- _Problem to work on_
Whenever a line of the entries below holds the string "Used", copy that line and return it.

- _The records_
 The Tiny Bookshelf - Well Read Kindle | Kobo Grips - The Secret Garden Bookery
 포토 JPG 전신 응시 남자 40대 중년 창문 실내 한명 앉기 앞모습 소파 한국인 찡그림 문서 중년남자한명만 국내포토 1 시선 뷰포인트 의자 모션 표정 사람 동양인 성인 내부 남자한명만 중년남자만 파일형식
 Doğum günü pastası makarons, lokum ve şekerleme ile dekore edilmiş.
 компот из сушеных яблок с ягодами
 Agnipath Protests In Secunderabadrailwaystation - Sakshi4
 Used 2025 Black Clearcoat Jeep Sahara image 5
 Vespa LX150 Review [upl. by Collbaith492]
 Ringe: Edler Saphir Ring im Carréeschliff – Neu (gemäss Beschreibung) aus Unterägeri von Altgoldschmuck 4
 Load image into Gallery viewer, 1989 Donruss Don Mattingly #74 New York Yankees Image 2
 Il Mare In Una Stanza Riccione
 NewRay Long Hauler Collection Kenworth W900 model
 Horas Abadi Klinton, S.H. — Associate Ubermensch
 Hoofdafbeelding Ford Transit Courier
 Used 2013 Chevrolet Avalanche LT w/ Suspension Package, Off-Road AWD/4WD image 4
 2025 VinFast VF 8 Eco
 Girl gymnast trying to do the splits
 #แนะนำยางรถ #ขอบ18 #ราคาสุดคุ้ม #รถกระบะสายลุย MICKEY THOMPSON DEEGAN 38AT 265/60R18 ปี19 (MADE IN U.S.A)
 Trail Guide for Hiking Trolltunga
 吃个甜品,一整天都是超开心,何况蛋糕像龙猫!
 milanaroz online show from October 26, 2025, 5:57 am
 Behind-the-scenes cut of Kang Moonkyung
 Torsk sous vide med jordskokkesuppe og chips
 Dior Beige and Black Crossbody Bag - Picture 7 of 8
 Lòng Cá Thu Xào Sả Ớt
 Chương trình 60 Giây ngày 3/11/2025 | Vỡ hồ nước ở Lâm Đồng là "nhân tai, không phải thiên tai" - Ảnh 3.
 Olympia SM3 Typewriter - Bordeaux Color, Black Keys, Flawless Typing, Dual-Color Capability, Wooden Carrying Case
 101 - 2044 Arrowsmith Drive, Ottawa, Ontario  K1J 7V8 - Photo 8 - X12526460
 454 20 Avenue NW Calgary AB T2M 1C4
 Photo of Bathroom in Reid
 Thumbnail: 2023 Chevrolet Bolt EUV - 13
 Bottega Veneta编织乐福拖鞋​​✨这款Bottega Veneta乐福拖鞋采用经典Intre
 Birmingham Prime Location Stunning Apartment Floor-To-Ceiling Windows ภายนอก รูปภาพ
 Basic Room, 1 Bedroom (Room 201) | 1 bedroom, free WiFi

- _Response to this exercise_
 Used 2025 Black Clearcoat Jeep Sahara image 5
 Used 2013 Chevrolet Avalanche LT w/ Suspension Package, Off-Road AWD/4WD image 4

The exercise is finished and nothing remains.